Skip to content

REST Server

Production-ready FastAPI server exposing Director-AI scoring over HTTP.

Starting the Server

director-ai serve --port 8080 --workers 4
from director_ai.server import create_app

app = create_app()
# Run with: uvicorn director_ai.server:app --host 0.0.0.0 --port 8080
docker build -t director-ai . && docker run -p 8080:8080 director-ai

Endpoints

Method Path Description
POST /v1/review Score a prompt/response pair
POST /v1/verify Sentence-level multi-signal fact verification
POST /v1/process Full agent pipeline (generate + score)
POST /v1/batch Batch score multiple pairs
GET /v1/health Liveness probe (version, mode, NLI status)
GET /v1/ready Readiness probe — 503 if scorer/NLI not loaded
GET /v1/config Config introspection
GET /v1/metrics Metrics as JSON
GET /v1/metrics/prometheus Prometheus-compatible metrics
GET /v1/source Source code URL (AGPL compliance)
WS /v1/stream WebSocket streaming oversight
POST /v1/knowledge/upload Upload file → parse → chunk → embed
POST /v1/knowledge/ingest Ingest raw text → chunk → embed
GET /v1/knowledge/documents List documents per tenant
DELETE /v1/knowledge/documents/{id} Delete document and chunks
PUT /v1/knowledge/documents/{id} Re-ingest updated content
GET /v1/knowledge/search Test retrieval quality
POST /v1/knowledge/tune-embeddings Fine-tune embeddings on ingested docs
GET /v1/knowledge/documents/{id} Get single document metadata
GET /v1/tenants List tenants (scoped to caller's binding)
POST /v1/tenants/{id}/facts Add keyword fact for tenant
POST /v1/tenants/{id}/vector-facts Add vector fact for tenant
GET/DELETE /v1/sessions/{id} Get or delete a scoring session
GET /v1/stats Aggregate scoring statistics
GET /v1/stats/hourly Hourly scoring breakdown
GET /v1/dashboard Dashboard summary (stats + top tenants)
POST /v1/finetune/start Start domain fine-tuning job
GET /v1/finetune/status Check fine-tuning job status

Review Request

curl -X POST http://localhost:8080/v1/review \
  -H 'Content-Type: application/json' \
  -H 'X-API-Key: your-key' \
  -d '{
    "prompt": "What is the refund policy?",
    "response": "Refunds within 30 days.",
    "session_id": "optional-session-id"
  }'

Response

{
  "approved": true,
  "coherence": 0.85,
  "h_logical": 0.10,
  "h_factual": 0.15,
  "warning": false,
  "evidence": {
    "chunks": [
      {"text": "Refunds within 30 days of purchase.", "distance": 0.12}
    ]
  }
}

Authentication

Set api_keys in config or via DIRECTOR_API_KEYS env var (comma-separated):

DIRECTOR_API_KEYS=key1,key2 director-ai serve

Clients send X-API-Key: key1 header. Unauthenticated requests receive 401.

Rate Limiting

DIRECTOR_RATE_LIMIT_RPM=60 director-ai serve

Returns 429 when exceeded. Install pip install director-ai[server] for Redis-backed distributed rate limiting.

CORS

DIRECTOR_CORS_ORIGINS=https://example.com,https://app.example.com director-ai serve

Default is empty (no CORS). Do not use * in production.

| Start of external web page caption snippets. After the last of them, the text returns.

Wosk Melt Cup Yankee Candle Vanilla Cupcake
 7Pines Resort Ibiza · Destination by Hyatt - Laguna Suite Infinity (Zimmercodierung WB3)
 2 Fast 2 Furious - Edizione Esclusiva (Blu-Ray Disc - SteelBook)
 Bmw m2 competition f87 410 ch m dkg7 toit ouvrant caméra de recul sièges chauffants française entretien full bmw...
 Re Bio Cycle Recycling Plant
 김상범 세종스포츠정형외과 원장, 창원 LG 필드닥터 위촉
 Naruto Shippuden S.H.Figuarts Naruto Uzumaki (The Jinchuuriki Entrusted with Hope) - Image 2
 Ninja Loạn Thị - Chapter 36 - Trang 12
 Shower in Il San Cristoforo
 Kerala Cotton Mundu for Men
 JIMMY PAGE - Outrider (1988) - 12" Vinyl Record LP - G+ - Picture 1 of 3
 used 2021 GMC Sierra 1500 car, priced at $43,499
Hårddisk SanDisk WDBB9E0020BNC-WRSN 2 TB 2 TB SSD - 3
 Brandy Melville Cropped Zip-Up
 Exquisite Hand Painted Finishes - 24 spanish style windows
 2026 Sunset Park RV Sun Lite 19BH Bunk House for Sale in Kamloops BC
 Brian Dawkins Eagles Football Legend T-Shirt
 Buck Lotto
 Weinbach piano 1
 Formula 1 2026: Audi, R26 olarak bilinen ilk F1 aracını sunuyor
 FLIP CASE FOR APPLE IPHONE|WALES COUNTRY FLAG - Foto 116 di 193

Continuous Batching (ReviewQueue)

For high-concurrency deployments, enable server-level request accumulation:

DIRECTOR_REVIEW_QUEUE_ENABLED=1 \
DIRECTOR_REVIEW_QUEUE_MAX_BATCH=32 \
DIRECTOR_REVIEW_QUEUE_FLUSH_TIMEOUT_MS=10 \
director-ai serve

The queue collects concurrent /v1/review requests and flushes them as a single review_batch() call, reducing GPU kernel launches from 2*N to 2 per flush window (when NLI is available).

Full API

director_ai.server.create_app

create_app(config: DirectorConfig | None = None) -> FastAPI

Create and configure the FastAPI application.